- **Data records**

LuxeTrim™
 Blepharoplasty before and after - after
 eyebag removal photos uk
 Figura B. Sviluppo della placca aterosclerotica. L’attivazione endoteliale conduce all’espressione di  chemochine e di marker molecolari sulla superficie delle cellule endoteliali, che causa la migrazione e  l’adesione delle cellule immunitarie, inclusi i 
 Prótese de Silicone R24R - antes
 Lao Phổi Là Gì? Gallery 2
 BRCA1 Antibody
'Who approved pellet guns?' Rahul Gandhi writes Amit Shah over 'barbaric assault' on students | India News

- **Exercise description**
Reproduce the final stretch of the data above: every line from the one holding "Figura B. Sviluppo" through the end, inclusive, exactly as written and nothing else.

- **The answer**
 Figura B. Sviluppo della placca aterosclerotica. L’attivazione endoteliale conduce all’espressione di  chemochine e di marker molecolari sulla superficie delle cellule endoteliali, che causa la migrazione e  l’adesione delle cellule immunitarie, inclusi i 
 Prótese de Silicone R24R - antes
 Lao Phổi Là Gì? Gallery 2
 BRCA1 Antibody
'Who approved pellet guns?' Rahul Gandhi writes Amit Shah over 'barbaric assault' on students | India News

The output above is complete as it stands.